The four socket one was bought specifically for my tank and this has never been connected to the assistant (who I get annoyed with sometimes') it is however connected to my smart phone so that I can control the pump and co2 by remote , again the socket is partially inaccessible but it does provide the ability to put a timer on the co2 

I am not sure how these devices will fair in the future but at the moment the 'smart' plugs seem to be a useful addition to the functionality of my home especially in less accessible places. As I have some responsibility for elderly and disabled people in my working life I can also see how properly setup devices like these can be a boon to their enjoyment of life , an example being if my elderly parents having to reach down to turn lights on and off when all they need to do is select the correct app on moms phone and press a button.

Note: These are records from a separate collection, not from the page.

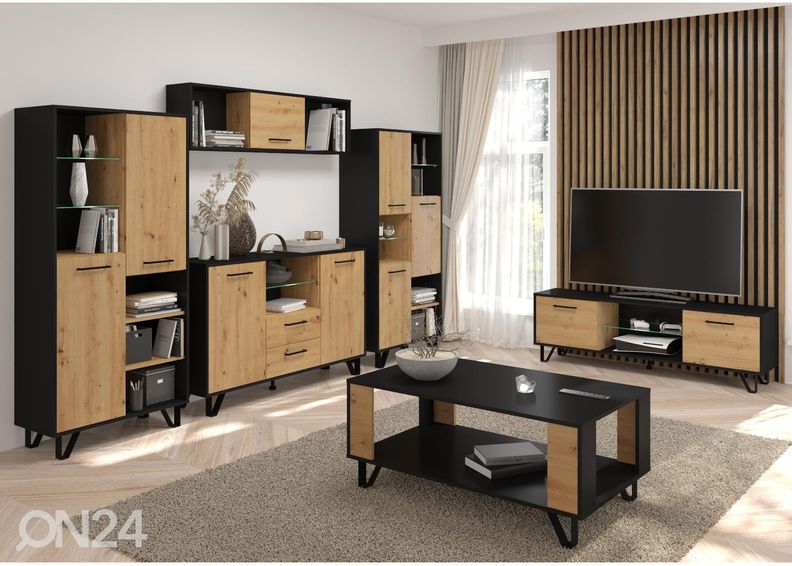 TV-alus Bos1 160 cm suurendatud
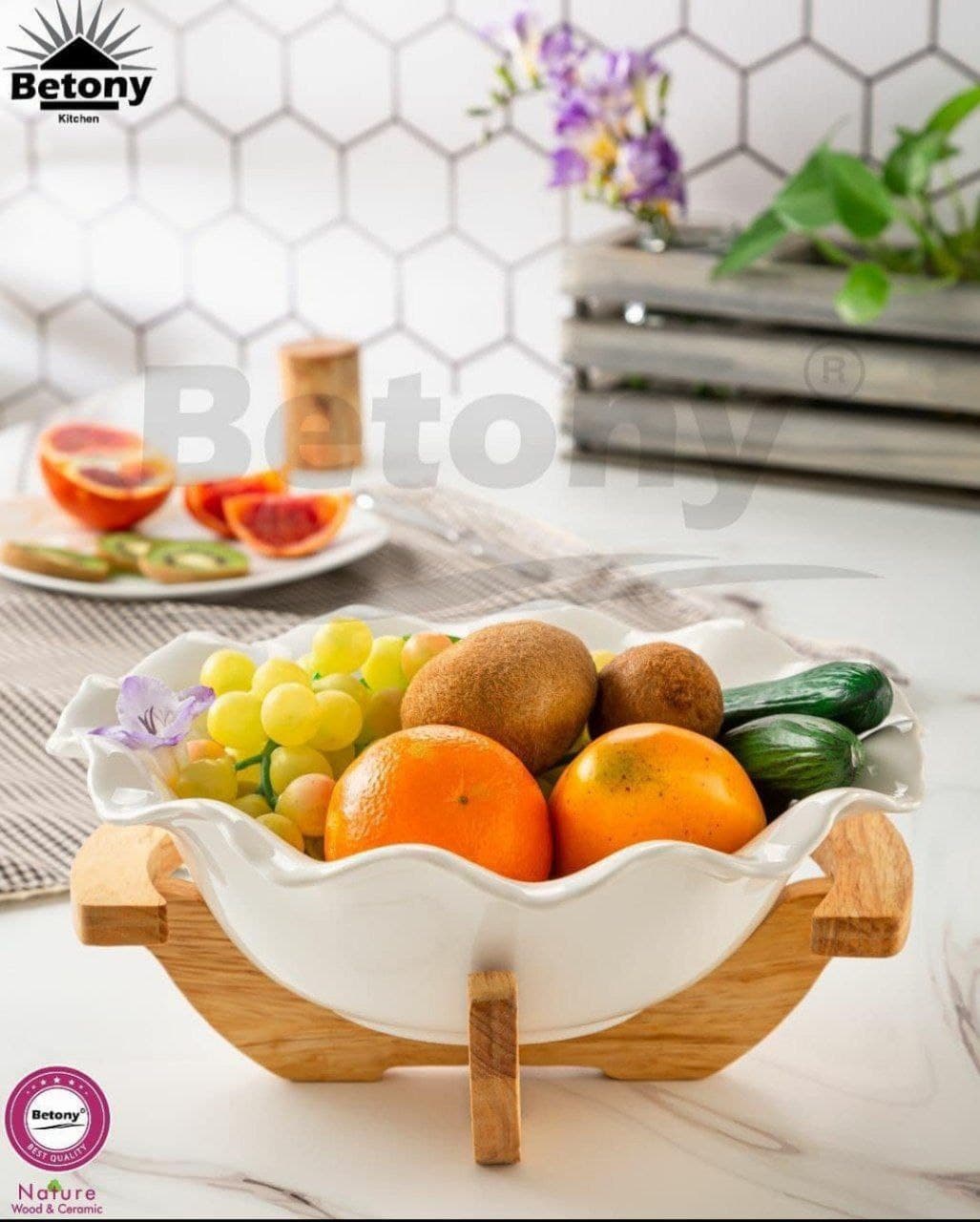 کاسه چین چین بتونی — تصویر ۲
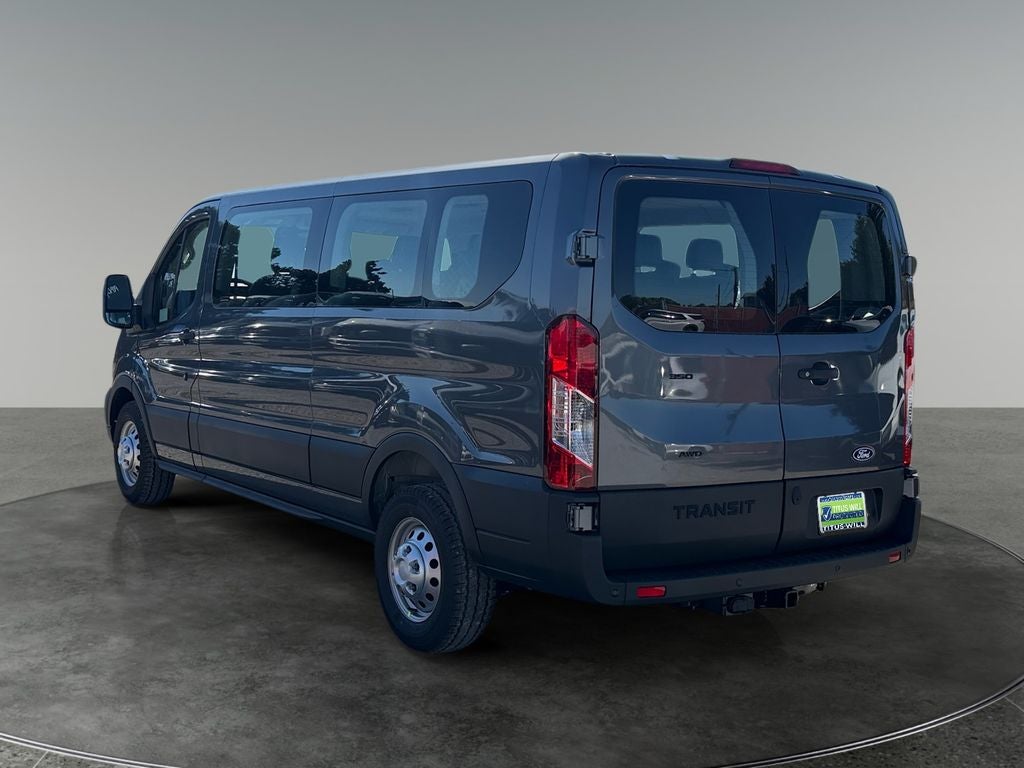 2027 Ford Transit-350 XL
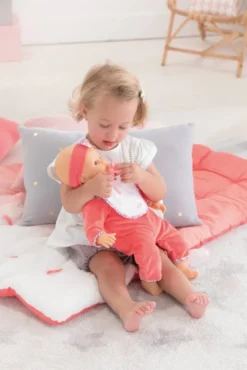 POUPON INTERACTIF - LILA CHERIE 42 CM - COROLLE MON GRAND POUPON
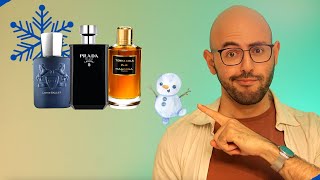 Winter Fragrances I Would Give A PERFECT 1010  Mens ColognePerfume Review 2023 [upl. by Scrivenor]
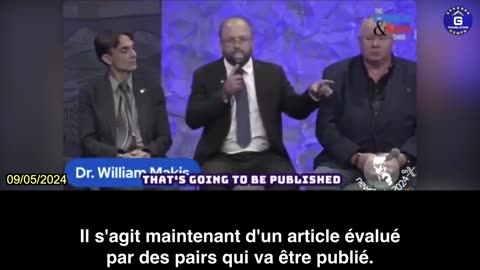 【FR】Dr William Makis : Les preuves de la nocivité des vaccins COVID-19 vont ...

sorry if this seems like a ramble


----------



## jaypeecee (23 May 2020)

zozo said:


> But for home use, you must be extremely unlucky to have a naughty script kiddy living next door fooling around with your network for fun. It's quite a hassle to get in and fiddle around with someone's equipment.



Hi @zozo

That's fair enough but voice assistants are a different kettle of fish (pun intended). We're not talking about eavesdropping via WiFi and packet sniffing. No, this is audio via a microphone. And, if a voice assistant is connected to the internet, this provides two-way traffic, i.e. upload and download. So, data (digitized voice) can be sent over the internet to some remote location.

Anyway, enough said.

JPC


----------



## zozo (23 May 2020)

jaypeecee said:


> Hi @zozo
> 
> That's fair enough but voice assistants are a different kettle of fish (pun intended). We're not talking about eavesdropping via WiFi and packet sniffing. No, this is audio via a microphone. And, if a voice assistant is connected to the internet, this provides two-way traffic, i.e. upload and download. So, data (digitized voice) can be sent over the internet to some remote location.
> 
> ...



Don't forget your build in webcam...  Makes it even more digitally interesting... 



Just kidding, but the microphone is there in your PC or Phone wether you use it or not..


----------